One day before Prince’s death, his family arranged a meeting with a prestigious physician specializing in addiction and pain management, according to the pop star’s Minneapolis attorney, William Mauzy. But the two never met. On the morning of the appointment, Prince was found unresponsive in an elevator at his studio. He died soon after.
The singer reportedly led a “clean” lifestyle, but a close friend said Prince had taken opioids for a long time to combat joint pain from years of acrobatic stage performance, including jumping from risers and speakers while wearing heels.
“Something I want to make clear: Prince used [painkillers] because it’d make him a better performer,” attorney Michael Padden told The Guardian. “He wasn’t doing it just for kicks.” Padden added that the pop star’s half-siblings suspected Prince began using cocaine and Percocet decades ago for pain relief.
A recent NPR report highlighted a connection between Prince’s age demographic and an increased risk of opioid overdose, citing a study from the Centers for Disease Control and Prevention showing middle-aged men made up 50 percent of all painkiller-related deaths in 2013 and 2014. According to the report, the surge in vulnerability is due to a several factors, including increased tolerance, greater likelihood of accompanying chronic health problems, and the combination of opioids and anti-anxiety benzodiazepines.
“One opioid plus one [benzodiazepine] doesn’t equal the effect of two in the individual,” Boston Medical Center epidemiologist Traci Green told NPR reporters. “It’s like one plus one equals four, or six.”
Prince’s high-profile death is raising broader concerns about the rate of unintentional opioid abuse in the United States. Prescription opioid overdoses have been rising steadily for well over a decade, reaching nearly 19,000 in 2014, the highest number on record. When combined with heroin, which many users switch to after getting hooked on prescription painkillers, the total number of opioid overdoses for that year mounted to nearly 29,000.
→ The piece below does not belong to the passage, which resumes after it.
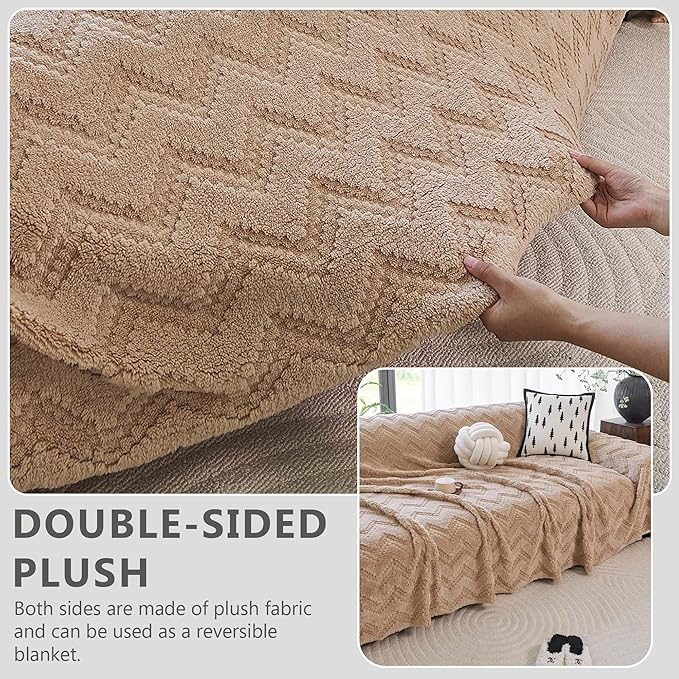 Sherpa Fleece Couch Cover for 3 Cushion Sofa, Brown, 71" x 134" - Pet Proof Sofa Covers Heavy Duty Scratch Resistant Pet Friendly Furniture Cover - Easy Install, Machine Washable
Last week, an investigative report published by the Los Angeles Times exposed misleading marketing of the popular painkiller OxyContin, raising concerns about unintentional abuse of the drug. OxyContin is billed as a 12-hour opioid, but it often wears off much sooner, sometimes in as little as four to six hours. Medical experts say this fast burn-off time leads to increased dosage and withdrawal symptoms, and could ultimately result in addiction or accidental overdose. According to the report, U.S. physicians wrote 5.4 million prescriptions for OxyContin in 2014.
This week, a Food and Drug Administration (FDA) panel responded by voting for mandatory physician training on how to safely prescribe and manage the dosage of opioid painkillers.
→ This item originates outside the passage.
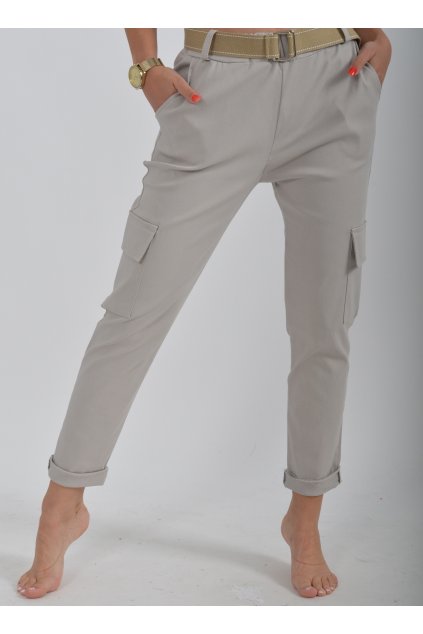 Béžové kalhoty s páskem ES2198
“Bureaucracy has to be challenged,” said Dr. Martin Garcia-Bunuel. “We have a responsibility to do the right thing.”
But how to require some 1.5 million prescribers across the United States to take hours-long classes about responsible opioid prescribing remains unclear. Among other problems, FDA panelists said it is uncertain which deaths are caused by improperly prescribed painkillers, versus painkillers sold on the black market.
The Associated Press contributed to this report.